::: Information shown :::

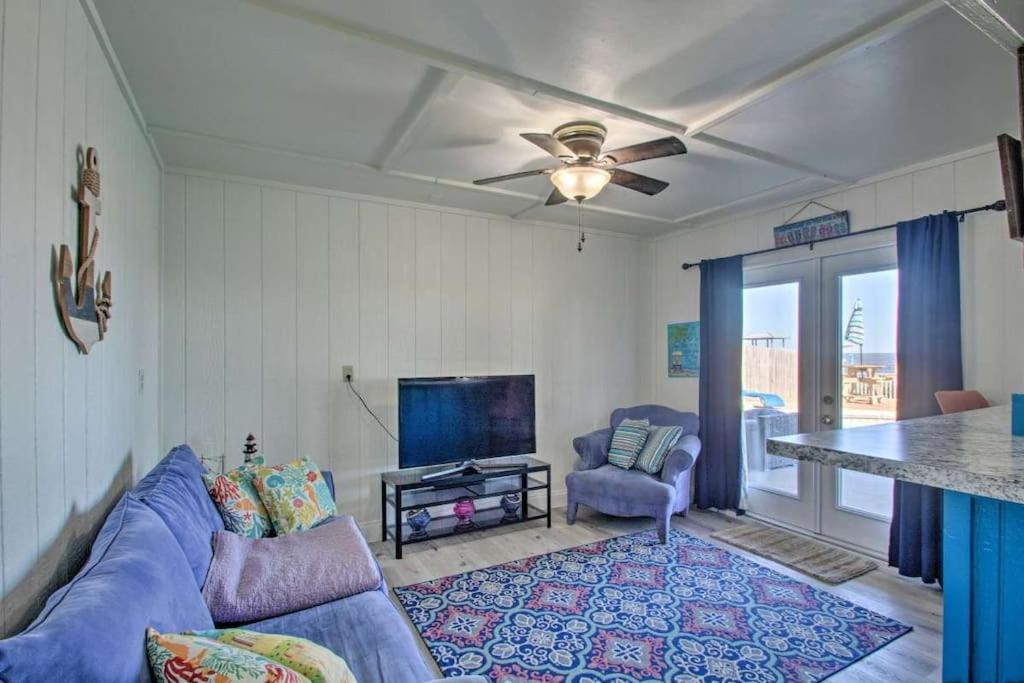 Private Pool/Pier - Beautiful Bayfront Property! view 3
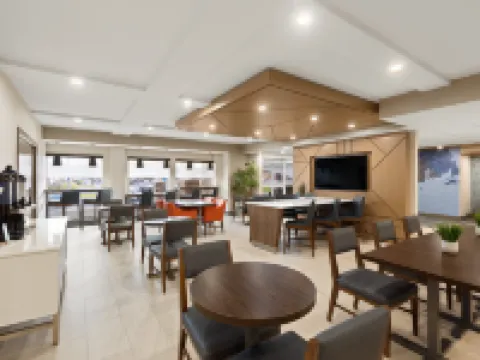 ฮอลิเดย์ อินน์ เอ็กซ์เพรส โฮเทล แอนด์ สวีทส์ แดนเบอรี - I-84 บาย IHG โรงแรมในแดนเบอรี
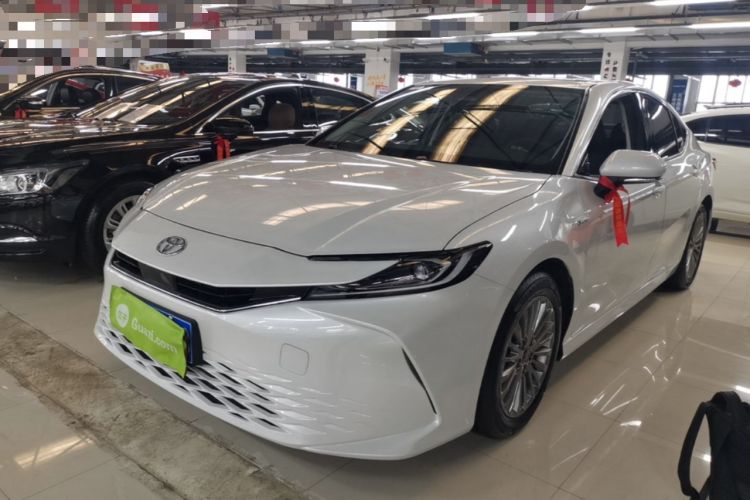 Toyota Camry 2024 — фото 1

:::
::: Information shown :::

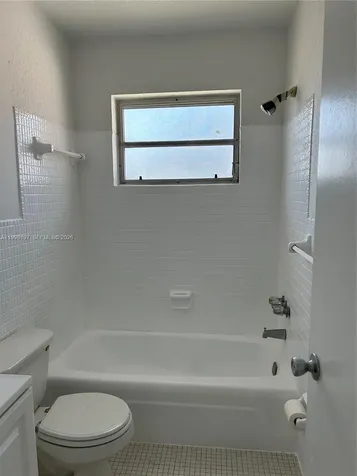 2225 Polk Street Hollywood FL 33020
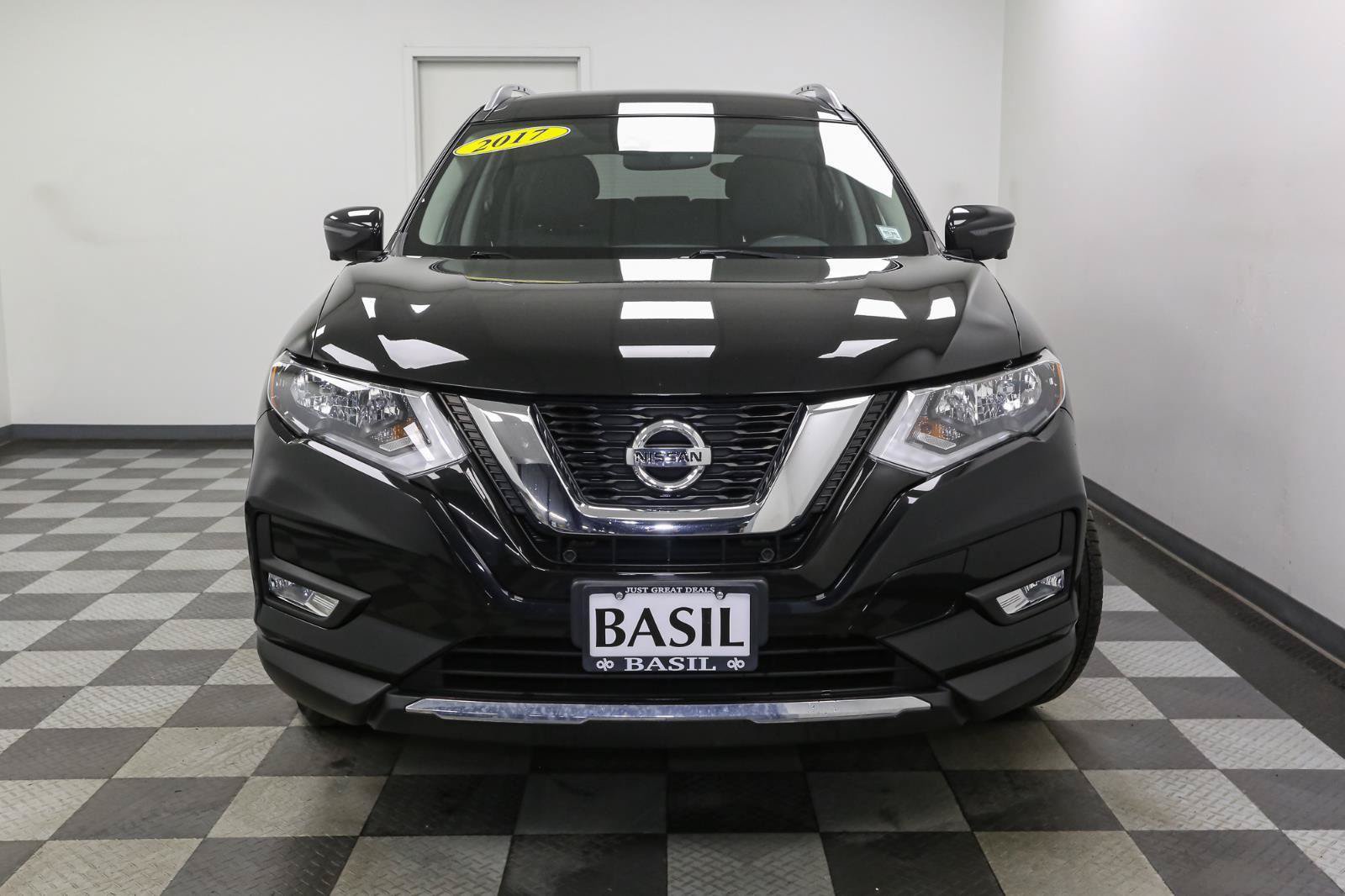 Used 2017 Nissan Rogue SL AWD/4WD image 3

:::

§ Exercise prompt: What do the entries above read from the line containing "Private Pool/Pier - Beautiful" through the line containing "Toyota Camry 2024 — фото 1"? Output those lines exactly, both ends included, with the pictures left out.

§ Final answer:
 Private Pool/Pier - Beautiful Bayfront Property! view 3
 ฮอลิเดย์ อินน์ เอ็กซ์เพรส โฮเทล แอนด์ สวีทส์ แดนเบอรี - I-84 บาย IHG โรงแรมในแดนเบอรี
 Toyota Camry 2024 — фото 1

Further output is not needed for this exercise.